Sunday, February 6, 2011

Economics of Spending and Saving

An economics text seems to describe the impact of spending and saving on economic well-being. The principles espoused in the text seem to suggest that spending and saving patterns can determine economic conditions such as employment, wages and inflation. Some of the principles suggested seem based on unfounded assumptions that are adopted in possibly misguided effort to more fully control economic outcomes and/or to be convinced that economic observations are understood. It seems that many of the concepts and systems are unnatural and, as a result, conflict with and harm natural processes. I certainly don't claim to be wiser than the writer or the economist referred to in the writing. However, I seem to wonder if the emperor is, somehow, less than fully dressed. I seem to have been less than successful in finding successful rebuttals of the ideas I suggest and look forward to same.

National Income
For example, the text seems to describe Keynesian theory as "breaking down a nation's income into flows of spending from all of its various spenders". Although "flows of spending from all of its various spenders" seems to refer acceptably to the sum of the nation's trade transactions, the term "national income" seems inappropriately applied to that sum.

In my less-than-authoritative opinion, income seems to deal with one aspect of a trade transaction: that which is received in exchange for something else. In the natural world, that would apply to both sides of a transaction, since both parties are receiving something for something else. Does "national income" refer to double the value of the transaction? If the sole two citizens of a nation exchange with each other an orange, is the national income one orange or two?

In my humble opinion, I understand the natural trade system to categorize both parties as suppliers. The concept of income seems more applicable to that which I understand to the man-made system that redesignates traders as suppliers and buyers. In this perspective, one party (I imagine, the one with the product) is selling and the other (perhaps the one with the promissory note or other legal tender) is purchasing. One totally might lose sight of the fact that this seems not to exist in the natural world. Whether the traders exchange each other's orange or a tractor trailer for $100,000 in promissory notes, they're both suppliers. Mankind, perhaps, lost sight of this somewhat after adjusting to the promissory notes/legal tender concept.

It seems that all the calculations based on this difference between income-producing trade and natural trade might be like following the remainder of a map's directions perfectly after having made a wrong turn.

Monday, January 24, 2011

Government Intervention In Labor (working copy)

Government Intervention In Labor
Government provision of labor protections such as minimum wage
By Pierre Belhomme
January 24, 2011. Revised January 26, 2011


Employment in the Free Market
The employment free market seems to consist of the trading of resources by community members in exchange for the assistance of other community members.

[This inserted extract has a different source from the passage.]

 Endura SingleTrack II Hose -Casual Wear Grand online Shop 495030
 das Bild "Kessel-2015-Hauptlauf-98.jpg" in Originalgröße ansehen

An important employment free market principle seems to be that the amount of appropriate resources that should be traded for such assistance is determined by the intensities of the employer's need for assistance (demand) and the resource needs of the people who are willing to provide assistance to the employer (supply).

Setting Employment Prices in the Free Market
The self-interest principle of the free market would seem to suggest that potential employers would seek the lowest employment cost and potential employees would seek the highest possible pay rate. Presumably, their desire to consummate the deal would drive their offers closer together until they match. This seems suggested to be the correct free-market price.

This uncoerced, voluntary (and therefore, it seems "free") decision-making by the potential employer and potential employee seems suggested to be able to help determine employment prices even as market conditions -- the relevant circumstances of the potential employer and potential employees -- change.

Business Aversion to Government Intervention in Labor
Employers apparently reported aversion to government intervention in business beyond government’s enforcement of business rights seems to include government protection of labor interests such as minimum wage.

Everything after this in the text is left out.